**GIVEN ENTRIES**
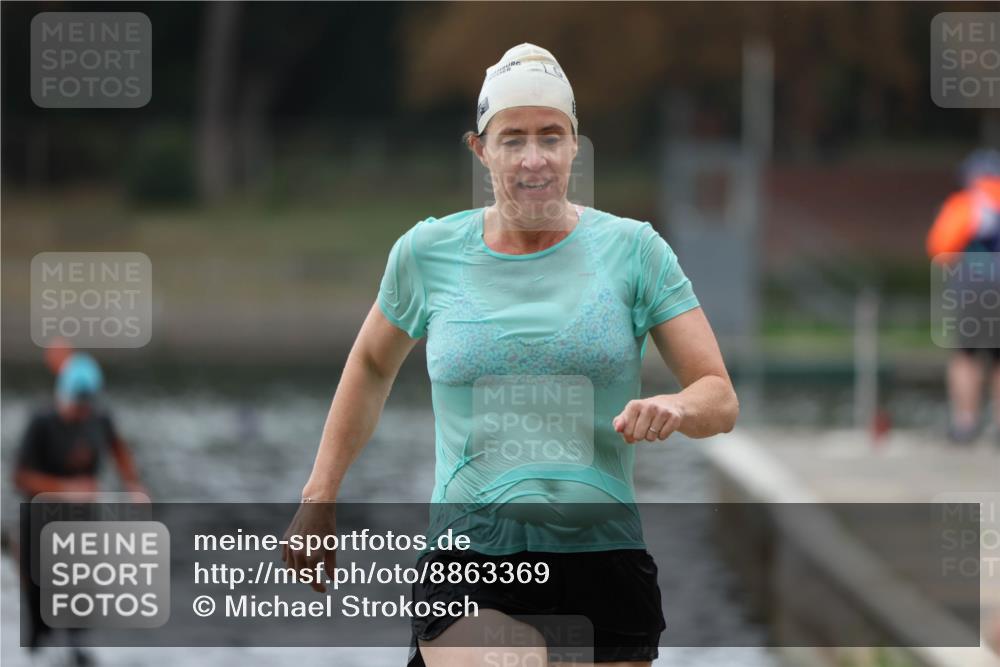 14.09.2025 - Stadtparktriathlon Michael Strokosch http://msf.ph/oto/8863369 14.09.2025 10:18:17 Schwimmen 638, 655, 678 meine-sportfotos.de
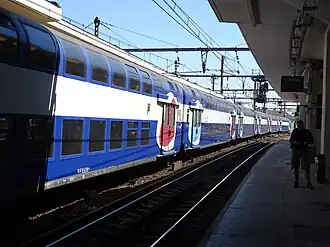 VB 2N partindo de Versalhes para Paris.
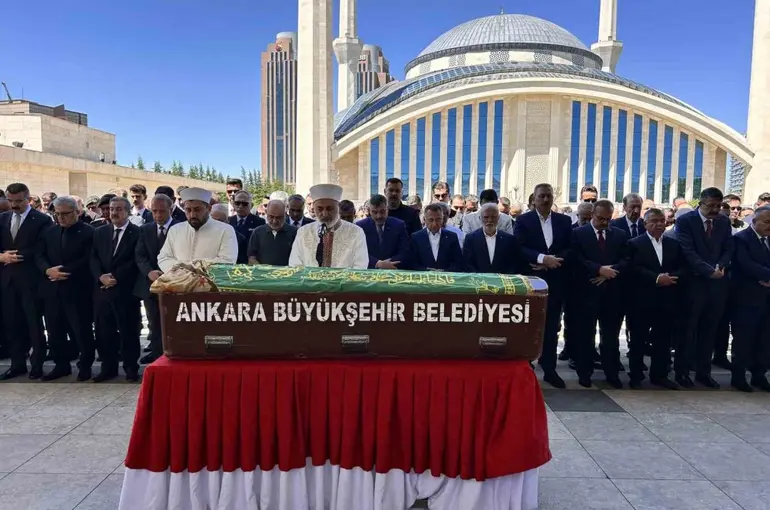 Milli Savunma Bakan Yardımcısı Alpaslan Kavaklıoğlu’nun vefat eden eşi  ebediyete uğurlandı
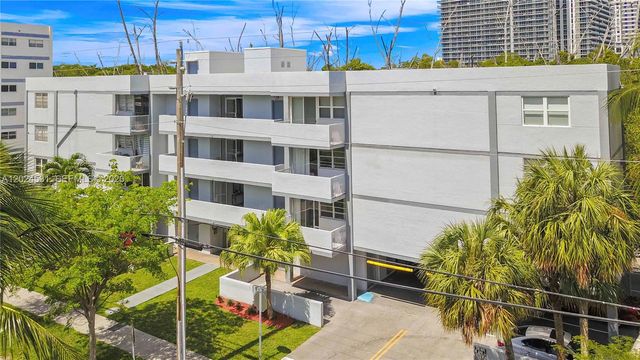 16518 NE 26th Ave 405, North Miami Beach, FL 33160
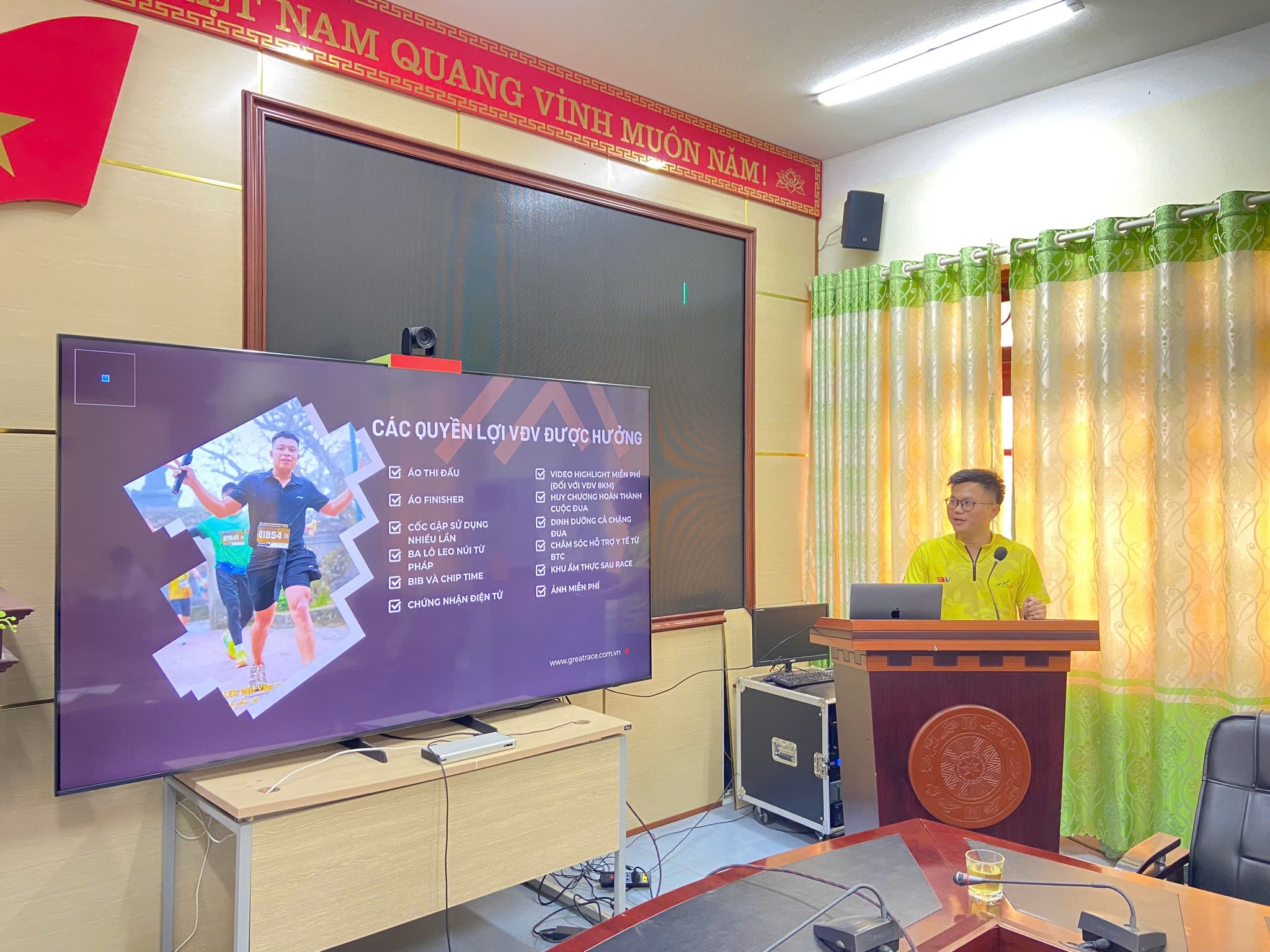 UBND phường tổ chức cuộc họp về Giải leo núi Yên Tử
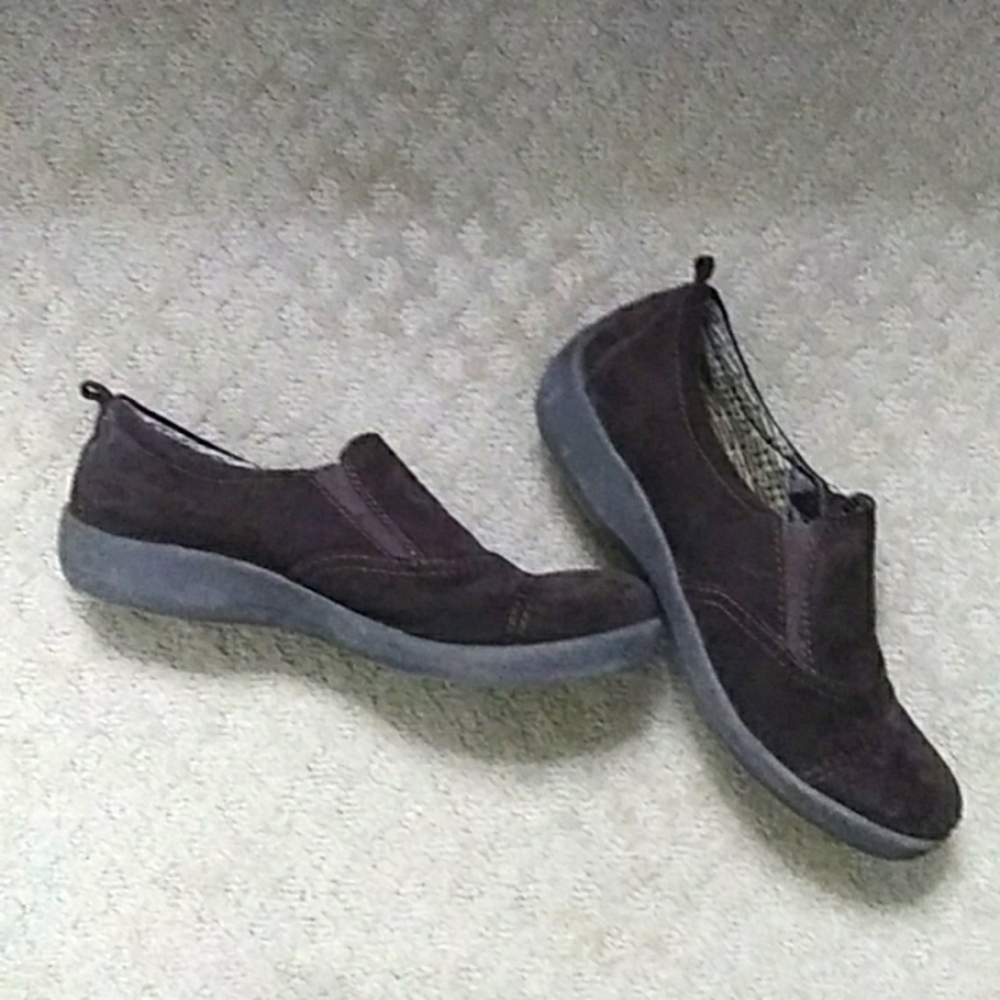 Genuine suede Easy Spirit loafers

**EXERCISE DESCRIPTION**
From the line that contains "VB 2N partindo de Versalhes para Paris." to the last line of the data, print each line exactly, both ends included, and omit the pictures.

**RESPONSE TO THIS EXERCISE**
 VB 2N partindo de Versalhes para Paris.
 Milli Savunma Bakan Yardımcısı Alpaslan Kavaklıoğlu’nun vefat eden eşi  ebediyete uğurlandı
 16518 NE 26th Ave 405, North Miami Beach, FL 33160
 UBND phường tổ chức cuộc họp về Giải leo núi Yên Tử
 Genuine suede Easy Spirit loafers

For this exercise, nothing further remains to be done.